(GIVEN DATA Opens)

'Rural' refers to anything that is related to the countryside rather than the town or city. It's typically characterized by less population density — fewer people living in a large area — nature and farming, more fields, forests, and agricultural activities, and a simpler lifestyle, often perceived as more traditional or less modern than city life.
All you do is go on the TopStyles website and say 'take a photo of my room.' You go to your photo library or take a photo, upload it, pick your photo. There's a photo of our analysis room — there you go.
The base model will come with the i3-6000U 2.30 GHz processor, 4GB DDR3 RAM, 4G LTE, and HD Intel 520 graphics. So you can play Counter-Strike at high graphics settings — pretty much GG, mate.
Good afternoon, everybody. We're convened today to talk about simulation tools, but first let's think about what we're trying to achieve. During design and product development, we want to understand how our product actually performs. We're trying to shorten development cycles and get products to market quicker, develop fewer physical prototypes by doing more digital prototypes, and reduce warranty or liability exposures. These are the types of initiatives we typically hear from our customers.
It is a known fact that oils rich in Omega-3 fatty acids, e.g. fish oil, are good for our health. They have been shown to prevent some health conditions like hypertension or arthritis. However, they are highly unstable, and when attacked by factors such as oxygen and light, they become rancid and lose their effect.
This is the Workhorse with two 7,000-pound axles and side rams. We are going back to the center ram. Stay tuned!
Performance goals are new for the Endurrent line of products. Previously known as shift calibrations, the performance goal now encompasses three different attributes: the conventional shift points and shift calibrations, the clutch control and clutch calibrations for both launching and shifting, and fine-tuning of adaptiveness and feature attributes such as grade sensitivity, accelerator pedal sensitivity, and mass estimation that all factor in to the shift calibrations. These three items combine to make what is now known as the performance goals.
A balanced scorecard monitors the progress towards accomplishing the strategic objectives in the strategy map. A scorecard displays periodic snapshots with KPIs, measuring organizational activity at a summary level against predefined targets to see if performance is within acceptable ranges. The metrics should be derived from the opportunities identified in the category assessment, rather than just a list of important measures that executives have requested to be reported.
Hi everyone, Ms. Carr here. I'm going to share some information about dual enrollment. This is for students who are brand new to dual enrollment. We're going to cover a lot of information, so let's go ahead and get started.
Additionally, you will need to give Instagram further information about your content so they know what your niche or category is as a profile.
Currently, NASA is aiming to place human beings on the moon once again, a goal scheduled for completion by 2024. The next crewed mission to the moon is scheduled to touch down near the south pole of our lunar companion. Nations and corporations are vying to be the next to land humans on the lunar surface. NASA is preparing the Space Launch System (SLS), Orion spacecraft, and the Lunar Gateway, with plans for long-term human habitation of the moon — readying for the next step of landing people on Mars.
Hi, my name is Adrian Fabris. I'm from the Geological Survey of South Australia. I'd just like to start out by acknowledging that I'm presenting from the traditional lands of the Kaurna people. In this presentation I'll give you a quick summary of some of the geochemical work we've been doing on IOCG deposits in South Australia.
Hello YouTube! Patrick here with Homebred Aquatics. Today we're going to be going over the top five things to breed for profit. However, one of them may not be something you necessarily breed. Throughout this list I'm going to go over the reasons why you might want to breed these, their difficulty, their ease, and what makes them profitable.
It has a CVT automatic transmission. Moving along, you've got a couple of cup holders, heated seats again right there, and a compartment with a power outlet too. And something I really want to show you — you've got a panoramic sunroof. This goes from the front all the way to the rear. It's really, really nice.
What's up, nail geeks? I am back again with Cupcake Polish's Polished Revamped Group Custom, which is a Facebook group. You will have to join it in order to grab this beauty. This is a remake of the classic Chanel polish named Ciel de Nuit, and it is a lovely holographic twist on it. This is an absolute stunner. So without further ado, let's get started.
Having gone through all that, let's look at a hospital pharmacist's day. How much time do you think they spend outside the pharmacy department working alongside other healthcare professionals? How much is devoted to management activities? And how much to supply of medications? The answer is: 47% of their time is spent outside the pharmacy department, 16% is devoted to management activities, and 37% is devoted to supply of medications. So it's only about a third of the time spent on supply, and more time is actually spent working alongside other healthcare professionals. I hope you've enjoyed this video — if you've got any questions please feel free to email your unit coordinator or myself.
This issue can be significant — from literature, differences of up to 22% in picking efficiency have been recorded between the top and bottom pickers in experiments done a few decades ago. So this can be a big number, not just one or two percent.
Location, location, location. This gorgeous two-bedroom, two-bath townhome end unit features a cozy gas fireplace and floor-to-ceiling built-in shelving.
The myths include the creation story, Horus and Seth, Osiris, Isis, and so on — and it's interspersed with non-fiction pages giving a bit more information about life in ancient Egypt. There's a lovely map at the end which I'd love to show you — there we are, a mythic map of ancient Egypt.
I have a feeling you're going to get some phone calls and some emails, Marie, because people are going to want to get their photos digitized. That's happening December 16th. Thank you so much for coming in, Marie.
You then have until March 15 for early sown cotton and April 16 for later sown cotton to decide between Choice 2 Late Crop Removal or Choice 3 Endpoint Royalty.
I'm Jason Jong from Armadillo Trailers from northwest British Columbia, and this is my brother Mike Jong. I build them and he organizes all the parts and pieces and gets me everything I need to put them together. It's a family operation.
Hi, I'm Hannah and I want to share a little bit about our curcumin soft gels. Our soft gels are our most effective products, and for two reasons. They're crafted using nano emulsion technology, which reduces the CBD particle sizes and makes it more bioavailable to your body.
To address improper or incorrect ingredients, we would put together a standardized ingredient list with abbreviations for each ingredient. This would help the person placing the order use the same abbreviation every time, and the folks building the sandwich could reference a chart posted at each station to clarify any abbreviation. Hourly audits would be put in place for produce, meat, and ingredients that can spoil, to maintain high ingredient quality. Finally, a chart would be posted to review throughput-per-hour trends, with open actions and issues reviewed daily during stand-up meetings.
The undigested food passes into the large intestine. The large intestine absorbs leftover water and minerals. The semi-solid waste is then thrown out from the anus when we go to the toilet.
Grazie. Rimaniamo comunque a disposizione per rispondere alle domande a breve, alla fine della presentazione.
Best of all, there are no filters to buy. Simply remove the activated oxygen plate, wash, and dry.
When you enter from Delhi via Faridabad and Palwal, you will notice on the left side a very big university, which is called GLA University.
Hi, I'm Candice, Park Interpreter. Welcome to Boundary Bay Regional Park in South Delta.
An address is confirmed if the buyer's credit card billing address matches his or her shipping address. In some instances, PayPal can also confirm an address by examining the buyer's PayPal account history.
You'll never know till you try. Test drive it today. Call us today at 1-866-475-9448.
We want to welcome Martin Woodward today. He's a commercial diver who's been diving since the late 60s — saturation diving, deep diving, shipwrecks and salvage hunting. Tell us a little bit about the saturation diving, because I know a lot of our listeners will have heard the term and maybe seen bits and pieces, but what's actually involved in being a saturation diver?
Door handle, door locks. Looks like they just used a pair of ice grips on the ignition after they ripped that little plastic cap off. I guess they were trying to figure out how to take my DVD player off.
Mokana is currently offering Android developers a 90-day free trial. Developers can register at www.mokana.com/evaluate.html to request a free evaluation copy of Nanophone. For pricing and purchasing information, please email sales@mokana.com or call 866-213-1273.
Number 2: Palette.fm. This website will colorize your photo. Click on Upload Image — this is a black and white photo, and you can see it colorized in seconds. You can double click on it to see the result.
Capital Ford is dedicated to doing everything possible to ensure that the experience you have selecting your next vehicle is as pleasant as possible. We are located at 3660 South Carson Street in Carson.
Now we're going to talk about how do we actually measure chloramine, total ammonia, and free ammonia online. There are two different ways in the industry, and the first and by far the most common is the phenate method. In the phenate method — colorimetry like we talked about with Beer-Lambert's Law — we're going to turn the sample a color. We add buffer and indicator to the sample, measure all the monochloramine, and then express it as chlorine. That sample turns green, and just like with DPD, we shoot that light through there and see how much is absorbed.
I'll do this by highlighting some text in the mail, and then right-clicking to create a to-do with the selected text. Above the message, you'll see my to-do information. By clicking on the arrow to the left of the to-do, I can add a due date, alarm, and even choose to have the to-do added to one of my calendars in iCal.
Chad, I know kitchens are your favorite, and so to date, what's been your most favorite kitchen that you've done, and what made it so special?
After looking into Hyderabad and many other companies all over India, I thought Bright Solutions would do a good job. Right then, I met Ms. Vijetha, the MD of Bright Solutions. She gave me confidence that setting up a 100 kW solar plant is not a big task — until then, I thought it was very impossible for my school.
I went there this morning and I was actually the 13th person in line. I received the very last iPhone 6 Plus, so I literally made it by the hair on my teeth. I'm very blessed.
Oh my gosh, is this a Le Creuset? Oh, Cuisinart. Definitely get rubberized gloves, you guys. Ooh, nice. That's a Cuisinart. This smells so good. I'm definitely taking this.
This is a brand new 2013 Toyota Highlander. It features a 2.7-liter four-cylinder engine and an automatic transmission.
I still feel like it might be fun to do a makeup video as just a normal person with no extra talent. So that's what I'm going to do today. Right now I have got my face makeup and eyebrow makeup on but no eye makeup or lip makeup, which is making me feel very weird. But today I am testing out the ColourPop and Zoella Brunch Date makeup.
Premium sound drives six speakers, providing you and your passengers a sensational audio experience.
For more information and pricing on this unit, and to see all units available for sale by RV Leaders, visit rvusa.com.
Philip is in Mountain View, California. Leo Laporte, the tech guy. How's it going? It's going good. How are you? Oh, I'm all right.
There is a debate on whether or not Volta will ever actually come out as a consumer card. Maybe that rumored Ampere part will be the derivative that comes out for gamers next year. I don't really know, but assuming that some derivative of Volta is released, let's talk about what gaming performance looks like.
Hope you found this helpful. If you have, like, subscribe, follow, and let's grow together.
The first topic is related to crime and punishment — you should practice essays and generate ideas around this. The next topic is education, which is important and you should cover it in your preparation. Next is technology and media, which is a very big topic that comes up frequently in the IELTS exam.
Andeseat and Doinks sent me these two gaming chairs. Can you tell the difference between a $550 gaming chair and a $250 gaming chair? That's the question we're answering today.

(GIVEN DATA Closes)

Copy out every line from the data above in which the word "back" occurs.

This is the Workhorse with two 7,000-pound axles and side rams. We are going back to the center ram. Stay tuned!
What's up, nail geeks? I am back again with Cupcake Polish's Polished Revamped Group Custom, which is a Facebook group. You will have to join it in order to grab this beauty. This is a remake of the classic Chanel polish named Ciel de Nuit, and it is a lovely holographic twist on it. This is an absolute stunner. So without further ado, let's get started.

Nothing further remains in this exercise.